Thursday, May 12, 2011
Though it may be hard to believe from the poor-quality photograph above (taken in poor lighting on an overcast afternoon), these are pretty flowers. What you are looking at are the blossoms of the t'úng 桐 tree, an annual floral event that happens at this time of year in central T'áiwān 台灣. A important part of the culture of the Hakka people 客家, Taiwanese poets of centuries past penned odes to the beauty of the t'úng blossom 桐花, while groups of people would gather under the trees when the flowers were in full bloom, to drink tea and engage in merriment…
…or so the tourist authorities would have you believe. In actuality, until about ten years ago, few people gave much thought to the humble t'úng blossom. The trees had always been there, but they hardly registered on the radars of most Taiwanese. What changed was that in the early part of this century (around the year 2002), the government implemented a five-day work week. This, in turn, triggered a leisure boom among the local populace. With the standard litany of sightseeing spots having been exhausted long ago, there was suddenly a demand for new places to visit, and new things to do, on the weekends.
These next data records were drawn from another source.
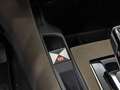 DS Automobiles DS 7 Crossback 1.5BlueHDi Bastille Aut. Grigio - thumbnail 27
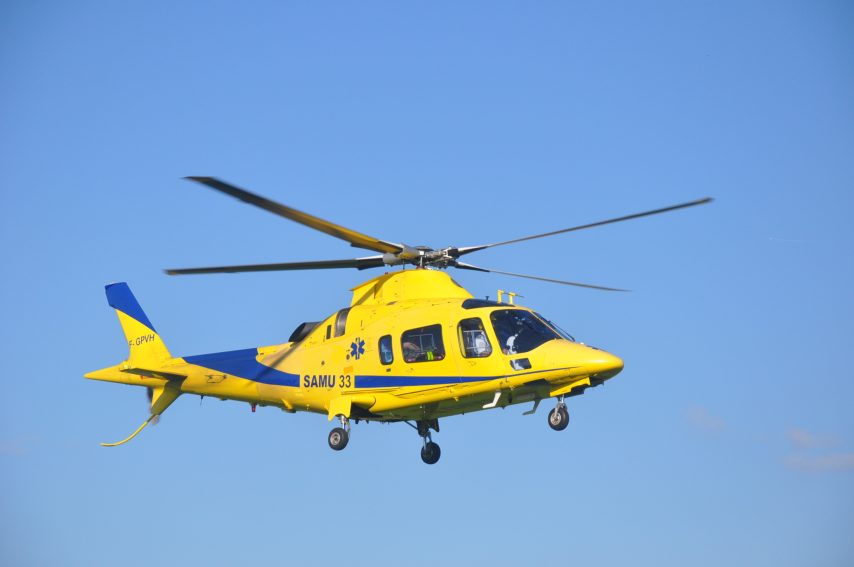 Hélicoptère-SAMU-854x567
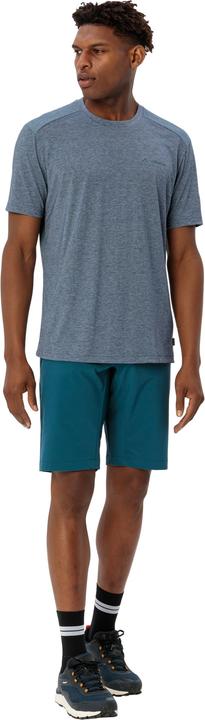 Produktbild Vaude Neyland T-Shirt III (XL)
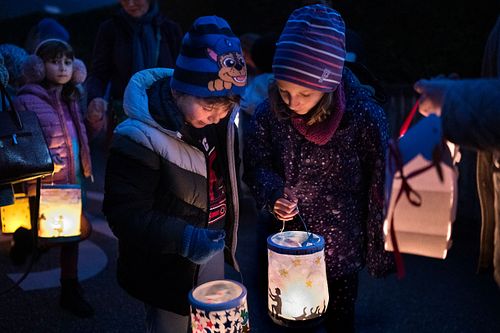 St. Martin Huttwil 2022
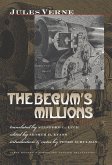 The Begum's Millions (eBook, ePUB)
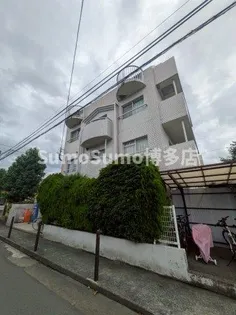 カーサ タカハシの画像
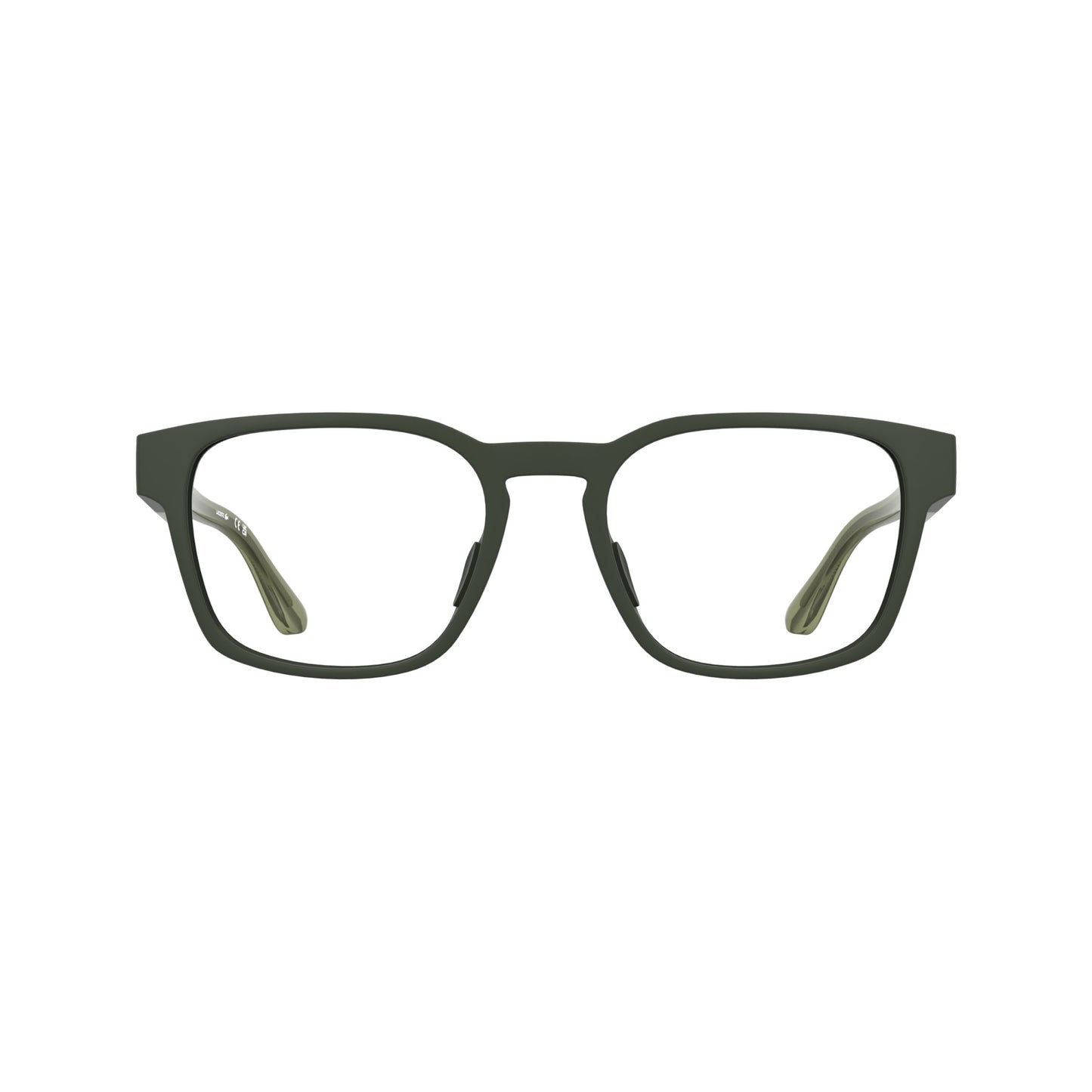 Lacoste L4010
Some bright mind (or minds) took note of the beautiful t'úng trees flowering every April or May, and conjured up an image of the white blossoms that had fallen to the ground looking like a carpet of snow. On this island of almost-perpetual warm weather, snow is of great interest, and it wasn’t long before the tour buses and family cars descended on those areas blessed (or cursed?) with numerous t'úng trees. And, thus, a new tradition was born.
The above picture was taken on Tuesday afternoon in the hills of the Tàk'ēng area 大坑風景區, but THE place to see the t'úng blossoms has to be Sān'ì 三義, in Miáolì County 苗栗縣. Sān'ì itself has greatly benefited from the five-day work week. There was a time when the town was known only for its wood sculptures (and sculptors), and people would go there to browse in the shops, and perhaps come home with a nice souvenir. Back then, the disused Shènghsīng train station 勝興車站 was just that – an abandoned stop on a discontinued rail line that no one gave much thought to. At the turn of this century, when my wife and I first started seeing each other, she took me to Shènghsīng. I recall there being only a couple of restaurants and very few (if any) souvenir stands. It may have been possible that that we were the only two visitors there that afternoon. In any case, it was definitely a far cry from the present day, when even on weekdays, you can find a lot of people walking around, and doing what Taiwanese tourists do best – taking pictures of themselves, eating high-calorie snack foods and buying tacky souvenirs. If you go on weekends, be prepared – words like “circus” or “zoo” can’t begin to describe the way in which this part of Sān'ì has “benefited” from the ongoing leisure boom.
(BTW, I was so intent on photographing the t'úng blossoms that I failed to notice the huge Formosan macaque [T'áiwān míhóu] 台灣獼猴 sitting on a branch in that very tree…until it jumped over to the next tree, leaping with a loud crash, before disappearing into the forest before I had a chance to point the camera at it. A pheasant scurrying along the ground a few minutes earlier also eluded my attempts to get a picture of it. I’m not destined to be a nature photographer.)
Just when you think you’ve seen all the reminders of the past around here, something else pops up from history’s dusty drawer. While walking around the area near Sānmín Road 三民路 in T'áichūng 臺中 this evening in search of a tea stand, I passed this building, which looked to date from the Japanese period 台灣日治時期. It turns out it did. According to a plaque on the outside, upon its erection in 1921, it served as the site of the Department of Food, part of the Bureau of Agriculture and Business in the Taiwan Governor’s 台灣總督府「台湾総督府」 Office. These days, the building is still a functioning government location, acting as the T'áichūng branch of the Council of Agriculture 行政院農業委員會. Kudos go out to those who not only elected to keep the structure intact, but to maintain it as an active workplace, as opposed to a dusty museum.